BEGIN Supplied records

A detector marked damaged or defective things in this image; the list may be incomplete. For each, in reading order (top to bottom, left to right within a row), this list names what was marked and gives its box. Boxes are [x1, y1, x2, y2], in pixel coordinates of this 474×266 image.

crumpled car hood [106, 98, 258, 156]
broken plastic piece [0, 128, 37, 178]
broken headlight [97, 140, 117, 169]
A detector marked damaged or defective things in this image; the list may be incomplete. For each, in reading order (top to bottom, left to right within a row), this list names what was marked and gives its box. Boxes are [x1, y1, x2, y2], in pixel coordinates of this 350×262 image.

END Supplied records
BEGIN Supplied records

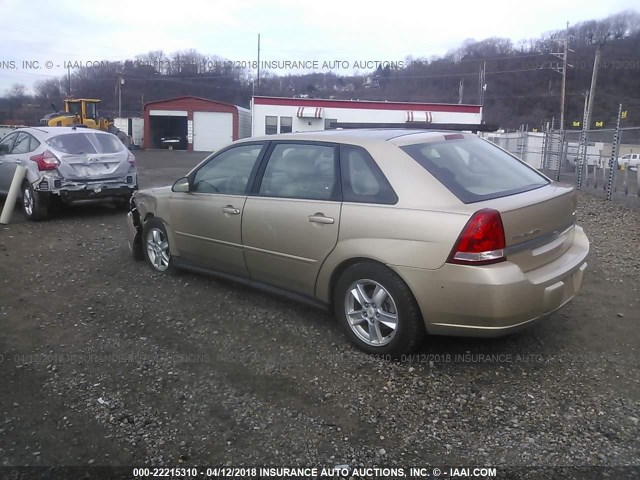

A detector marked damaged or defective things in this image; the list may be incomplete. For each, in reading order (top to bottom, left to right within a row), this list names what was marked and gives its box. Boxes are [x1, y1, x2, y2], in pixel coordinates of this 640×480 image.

END Supplied records
BEGIN Supplied records

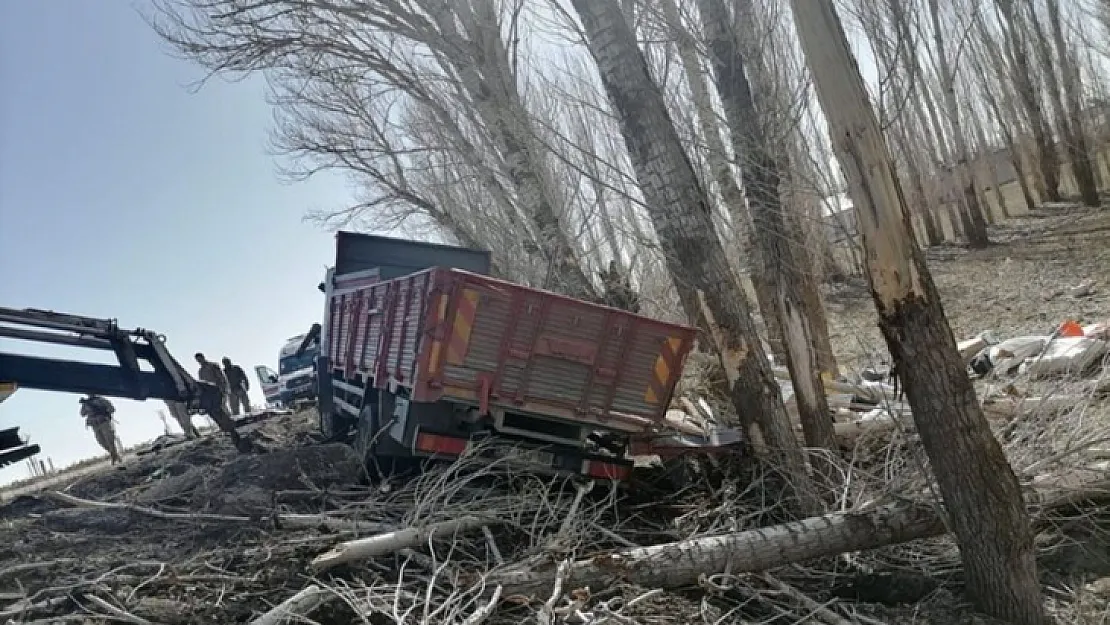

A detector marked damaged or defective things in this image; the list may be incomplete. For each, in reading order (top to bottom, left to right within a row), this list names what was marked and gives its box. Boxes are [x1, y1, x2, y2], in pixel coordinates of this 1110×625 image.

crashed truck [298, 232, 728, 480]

END Supplied records

Task to complete
Please copy the lines above from the line with "this 474×266 image." up to and including the line with "this 350×262 image.", exactly as written and with nothing else.

Result for this exercise
A detector marked damaged or defective things in this image; the list may be incomplete. For each, in reading order (top to bottom, left to right within a row), this list names what was marked and gives its box. Boxes are [x1, y1, x2, y2], in pixel coordinates of this 474×266 image.

crumpled car hood [106, 98, 258, 156]
broken plastic piece [0, 128, 37, 178]
broken headlight [97, 140, 117, 169]
A detector marked damaged or defective things in this image; the list may be incomplete. For each, in reading order (top to bottom, left to right within a row), this list names what was marked and gives its box. Boxes are [x1, y1, x2, y2], in pixel coordinates of this 350×262 image.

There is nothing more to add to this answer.